Hilarity ensues as the two women cause Ka Kui all manner of frustration and trouble – and I’ll pause here to say that while Chan’s action chops are inarguable in their greatness his comedic sensibilities with the ladies aren’t always as recognizable. Petty jealousies and women being slapped/tossed around won’t appeal to some viewers even in context, but both female leads here stand out in ’80s action cinema as being physically capable characters in their own right. They don’t kick ass, but they don’t exist solely as objects either. For an example of Chan getting this dynamic horribly wrong be sure to check out his Armour of God sequel, Operation Condor. And for an example of Chan getting it right – more right than any other male action star until Tom Cruise gave Emily Blunt the spotlight in Edge of Tomorrow – be sure to check out Supercop.
Many viewers see Police Story’s middle section as something of a drag, but the humorous character beats serve to lighten the tone and offer some breathing room after the fairly intense opening. (A brief brawl involving bats and cars is also pretty damn stellar.) One sequence featuring Ka Kui staging an assault on the secretary so he can pretend to rescue here and thereby gain her trust is lighthearted but still loaded with smart choreography and fun physical gags. Another sees him trying to save face only to end up with a cake to his face instead – for the third time – it’s goofy, but Chan and company make the tonal shift work as entertaining downtime before things turn dark again.

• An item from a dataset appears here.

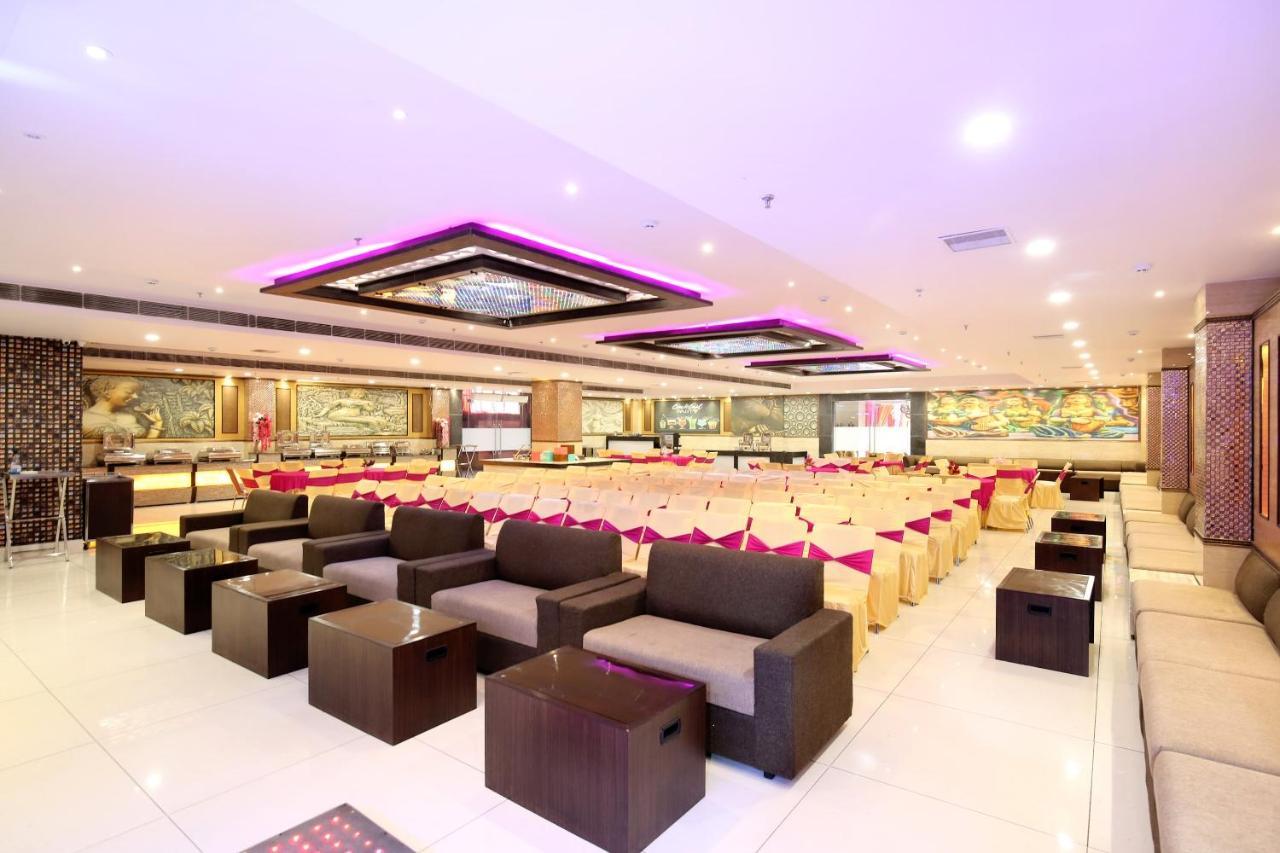 לודהיאנה Hotel Grand M Lajjo מראה חיצוני תמונה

That other shoe drops as the case against Chu Tao is dismissed, Ka Kui’s reputation is tarnished, and a fellow cop is murdered with the evidence pointing back to the former golden boy. Money talks, and the working man walks, even in ’80s Hong Kong. It all leads to a big, face-off in a mall that leaves Ka Kui bloodied and bruised and every last piece of glass in a five mile radius shattered due to contact with human bodies. Oh, and then Chan slides down a three-story pole with live strings of lights attached and burns the skin from his hands.

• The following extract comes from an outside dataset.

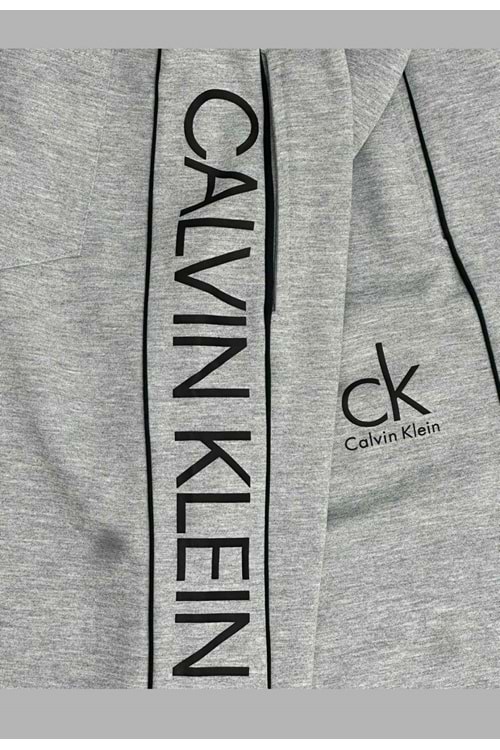 1006 CK EŞOFMAN - GRİ - XL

Chan co-directed the film – his fifth of fifteen so far – and it’s clear he’s more interested in capturing the action in all of its glory than he is the art. (He would prove himself capable of both just four years later with Mr. Canton and Lady Rose.) That said though, there’s an appreciative beauty to the raw simplicity of the camera work. What we see is what we get, and what we often get are action shots with very few cuts to diminish the effect. Chan’s directing here is rarely pretty in the classical sense, but the artistry inherent in his athleticism and choreography is undeniable.

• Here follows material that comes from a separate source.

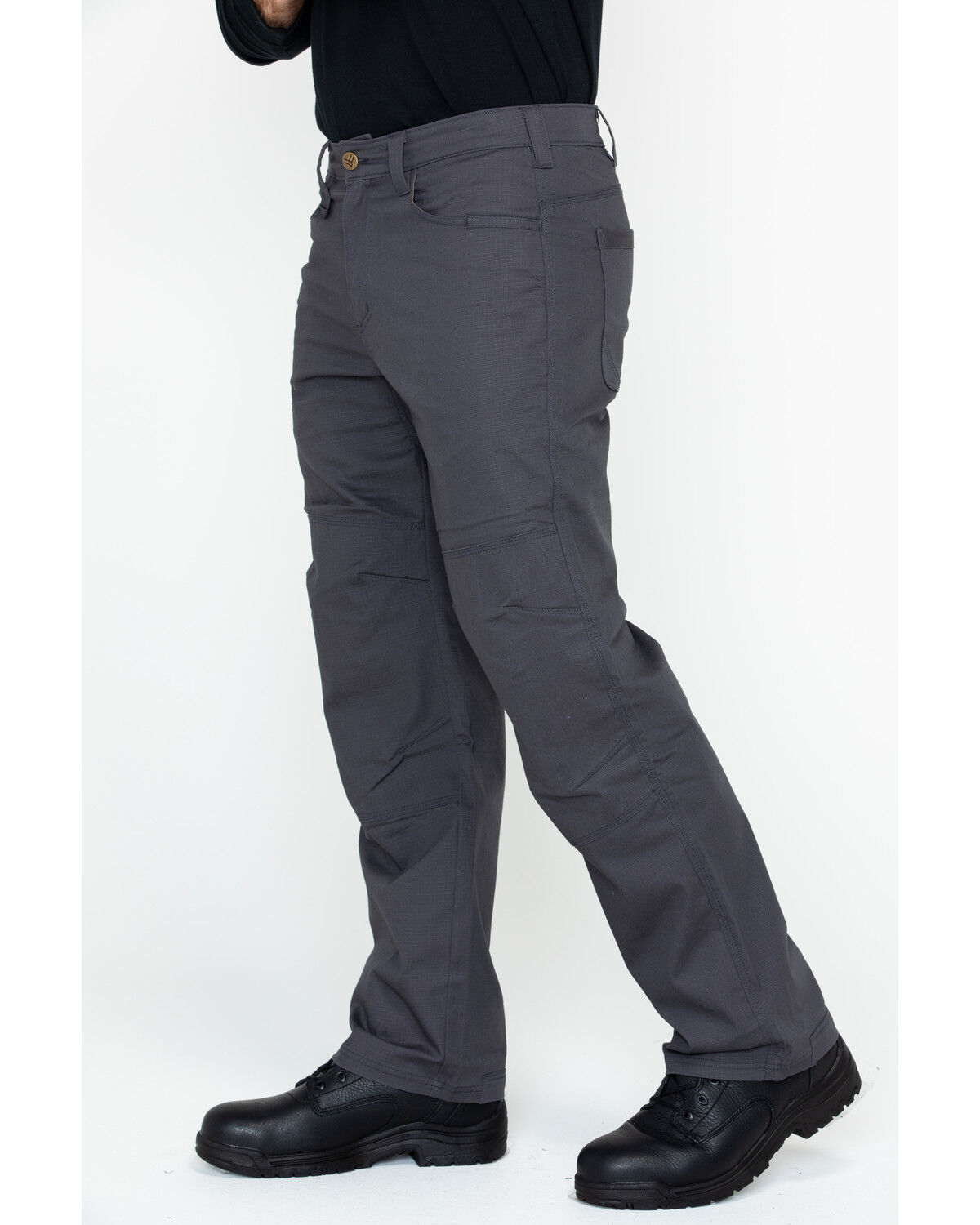 2Way Stretch Side 2 Line Warm Sweat Pants --Black – LÝFT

Police Story is also notable as Chan’s first modern-day action film as director (and one of his earliest as lead actor), and its creation was reportedly due to his dissatisfaction with James Glickenhaus’ The Protector. Released the same year, that film was meant to be Chan’s introduction into Hollywood, but Chan and audiences alike turned their noses up at the result. That failure was worth it though for getting him to enter the fray of contemporary action cinema ready to rumble. (See what I did there? That’s a call-back. Rumble in the Bronx rules.)
There are a handful of action leads today with incredible fighting skills – Tony Jaa, Scott Adkins, Iko Uwais – but none of them have the personality, charm, or comedic sensibilities of Chan in his prime. And forget Hollywood – our homegrown stars are often entertaining, but good luck finding one who can kick butt without CG, wire assists, stunt doubles, and highly selective editing.
They don’t make movie stars like Jackie Chan or movies like Police Story anymore. Just watch any of his infamous end-credits stunt/blooper reels to see why.